Often it will be the case that we can model a process we care about as
two parties communicating with one another over a *noisy channel*. Sometimes
this is very straightforward: if you’re sending the content of a website to
a cellphone, the radio in the cellphone will need to be able to figure out
when the message was garbled, and will need to figure out how to fix it.
Surprisingly, some techniques in data science also benefit from this
change in perspective.

Consider the problem of creating a classifier that can distinguish between more than two classes. We could try to solve this problem from first principles, but if we want to reuse some of our hard-earned knowledge, we could try to turn the problem of multiple classification into (many instances of) binary classification. The typical ways of doing this are called “OVA” and “AVA”, but there’s a different method that sometimes works better, is elegant, simple to explain, and connects directly to the idea of two parties communicating over a noisy channel.

Let’s first introduce a slightly different, but very simple
reduction. Let’s work, for now, with the case of an 8-class problem,
so the actual class to be predicted is one of `0`

, `1`

, `2`

, `3`

, `4`

,
`5`

, `6`

, or `7`

. What we will do is create a binary tree of
decisions, where we will train a binary classifier for each of the
nodes. The decisions of each classifier will determine the path that
we will walk down the tree, and downstream branches will progressively
narrow the set of possible choices. The leaves of this tree represent
single classes, and the decision of the overall classifier.

Graphically, it looks like this:

If you compare this scheme to the OVA and AVA ideas, you can notice a few similarities and a few differences.

First, the number of classifiers you need to train in this scheme is comparable to that of OVA (in a binary tree with $k$ leaves, there are always $k-1$ nodes).

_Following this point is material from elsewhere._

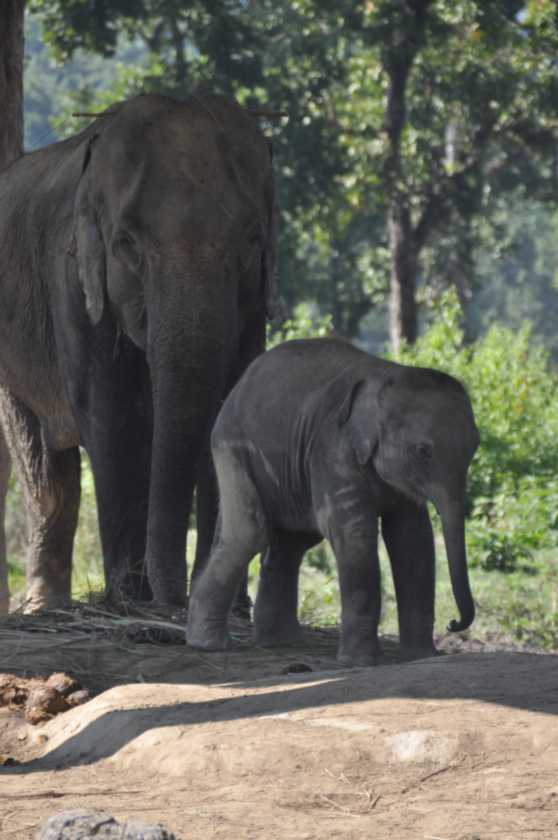 21-036 Chitwan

In OVA, all classifiers are unbalanced, in that you’re training “class-$i$ vs. class-not-$i$” subproblems. Here, your classification problems are all balanced. The leaves of the binary tree classifier are identical to some of the AVA classifiers, but the internal nodes combine multiple classes. This can be both good and bad: it’s bad in that if you have multiple classes that look very different from one another, you’ll be trying to “teach your classifier more than one thing at once”. That’s not great. But if the classes in the same side of the internal nodes are similar enough, then combining them means that the training process for that node will be able to “share knowledge from its lessons”. And that’s a good thing.

Unlike OVA or AVA, the number of decisions you need to make at test time is quite small. Here, the path from the tree root to a leaf has $O(\log k)$ nodes, while OVA needs $O(k)$ classifiers, and AVA, $O(k^2)$. This means that if your binary classifiers achieve an error rate of $\epsilon$, then you can trivially see that the multiclass classifier will achieve an error rate of $O(\log k) \epsilon$.

Now let’s make things a little weird. Say that you think your base
binary classifier procedure is so good, that it will be able to
distinguish between *any* partition of classes from the original
problem that you give it. What’s the minimum number of classifiers you
have to train? It is easy to see what that number must be. If you think of
the decision of the final multiclass classifier as producing a word in
binary, then clearly we need $O(\log_2 k)$ binary digits to write out that word. But a binary
digit is the best we can get out of a binary classifier, so we need
$O(\log_2 k)$ of them as well.

This also clearly suggests the way to build the classifier: write out
the multiple class labels in binary representation, and now the job of
the $i$-th of $\log_2 k$ binary classifiers is to predict the $i$-th
digit of that binary representation. This is the same thing as
building, for each of the level of the trees in the above example, a
*single classifier*, where that classifier predicts whether to take
the branch on the left or the right.

In other words, for the same 8-class problem we had before, we build classifiers that distinguish between:

`0123`

vs.`4567`

`0145`

vs.`2367`

`0246`

vs.`1357`

Notice how there’s only one class that’s unique along any possible set of decisions of the binary classifiers. Let’s call this the “binary transmission” method (TODO: find the actual name used in ML).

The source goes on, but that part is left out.